The people in today's societies never lost the nonlinear nature of their thought. Never in history has a society existed of
linear thinkers. Nor have our linear
media ever robbed us of nonlinear thought. The nonlinearities of our thoughts have been
folded and tucked into linear-looking
sentences, which barely conceal the true
nature of the thoughts that led them to be.
I propose that thoughts exist as networks in the space of ideas. More specifically, even the simplest coherent thought is a tree in the space of ideas. The print or text-based media conceal this fact but do not make it any less true. To illustrate using a text example:
The very quick brown fox jumped over the lazy dog.
Some grammar teachers dissect sentences into their individual elements and modifiers using tree-like diagrams. In this example, "very" branches off of "quick", which along with "brown" branches off of "fox". "Lazy" branches off of "dog", and, subtly, "over the lazy dog" branches off of "jumped". The tree structure of the thought that brought the sentence into being has been folded away into a linear-looking sentence. Even if I had simply said, "Fox jumped" (the simplest possible incarnation of that sentence), that sentence triggers in our minds the mental maps we have of foxes and jumping, which form their own branches off of the main trunk of that sentence. The fox is all of very quick, brown, and jumping. It is all of these simultaneously, and we understand that despite the apparently linear method of presentation. Now that the concept of ideas as trees has been introduced, I am forced by this linear medium to backtrack to the original subject if I want to add to the original thread of conversation (that sentence is ordinarily expressed in text media as "I digress", and the necessity of that expression existing supports my contention of the basically nonlinear nature of thought.)

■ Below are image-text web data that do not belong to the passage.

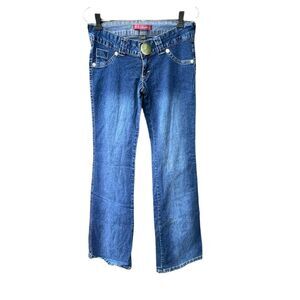 Sawary size 40 ( U.S.5/6) Brazilian low cut flare jeans.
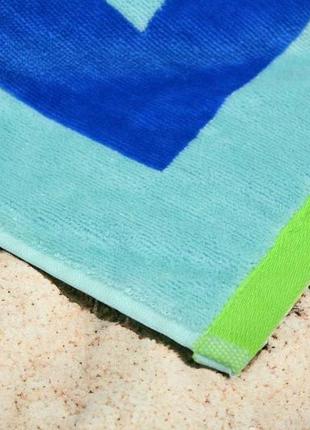 Пляжное полотенце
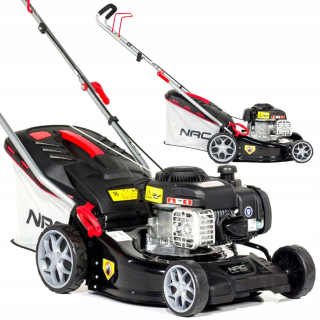 NAC LP42-300BS-JR BENZÍNOVÁ KOSAČKA BEZ POHONU 42CM 125cm3 1,82kW B&S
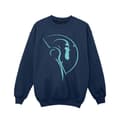 Miniatyrbillede 1 af 3: Disney Girls Lightyear Space Helmet Stare Sweatshirt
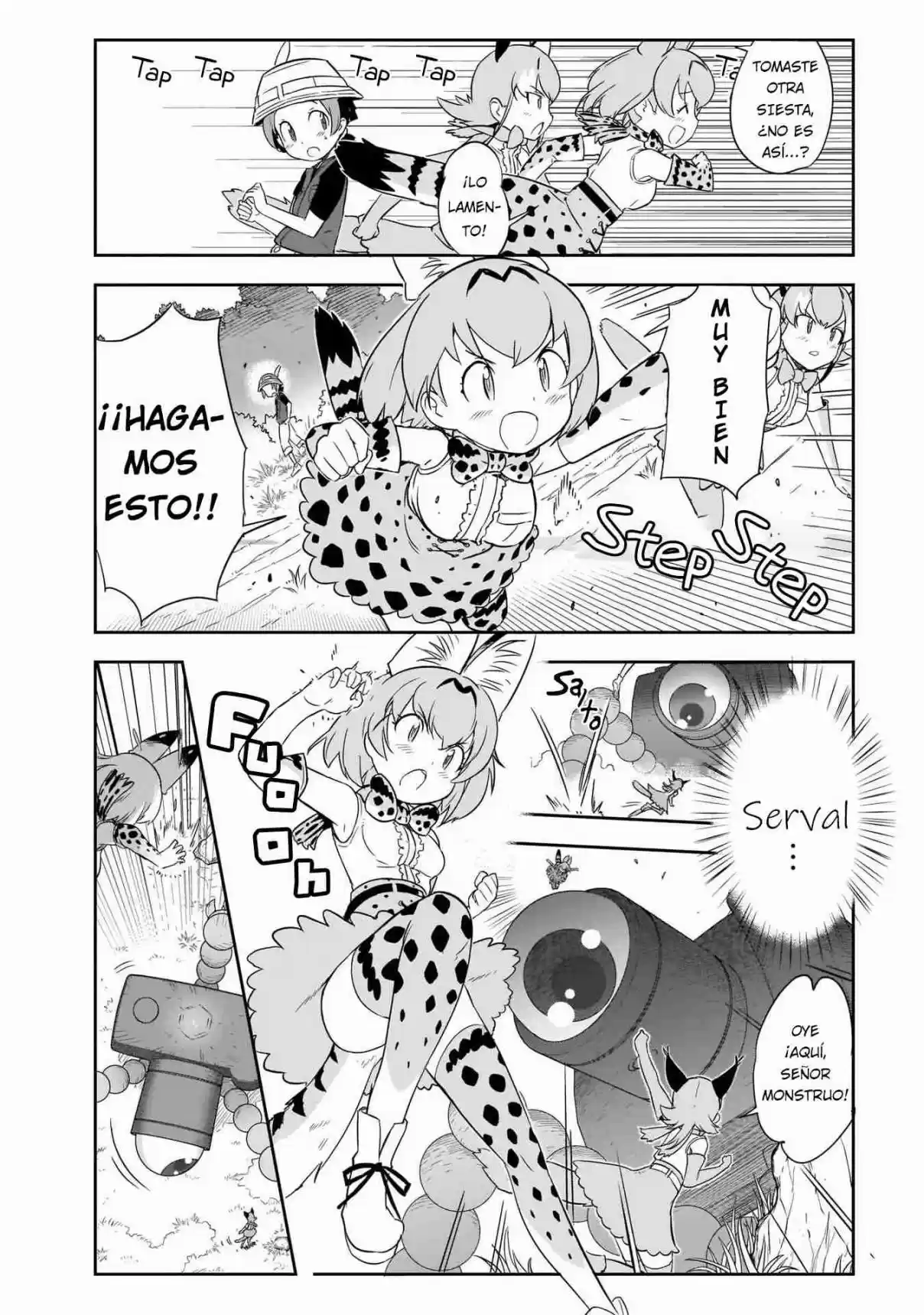 Kemono Friends 2 - Capítulo 1 - Página 10 - LectorTMOo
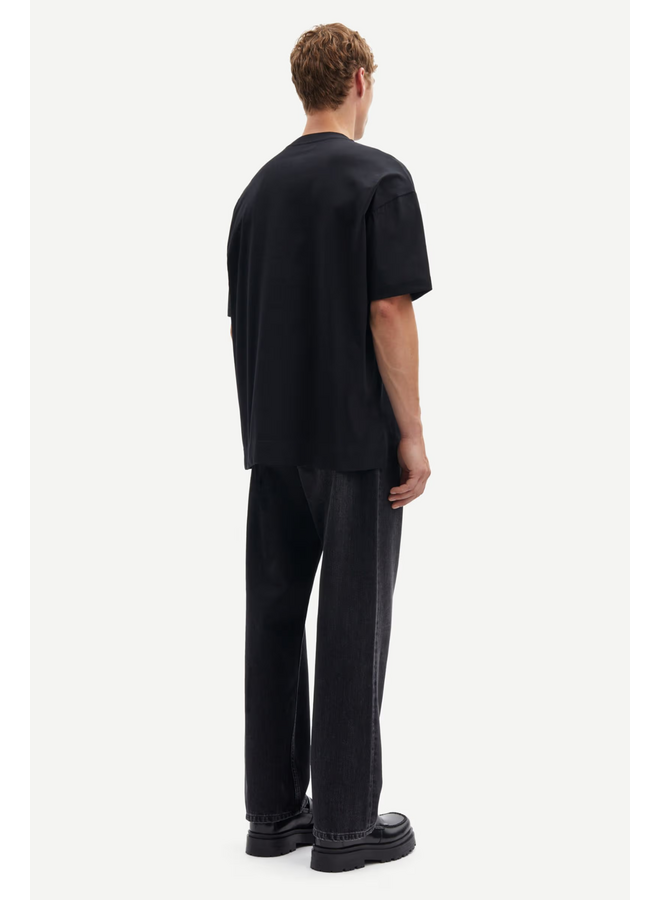 Joel T-shirt - Black Basic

Our thoughts have never been made linear by our media. We can feel in ourselves the struggle to express our nonlinear thoughts with the media tools that we have. Marshall McLuhan's enthusiasm for the capacity of nonlinear media to bring us back to our ancestral nonlinear thought was misplaced. Nonlinear media excite us simply because they are better capable of expressing the nonlinear thoughts we have been having all along (especially pipe linking!). Our modes of thinking will not change in the distant future. Our means of expression will continue to change (beyond hypertext?) to better fit our already nonlinear thoughts.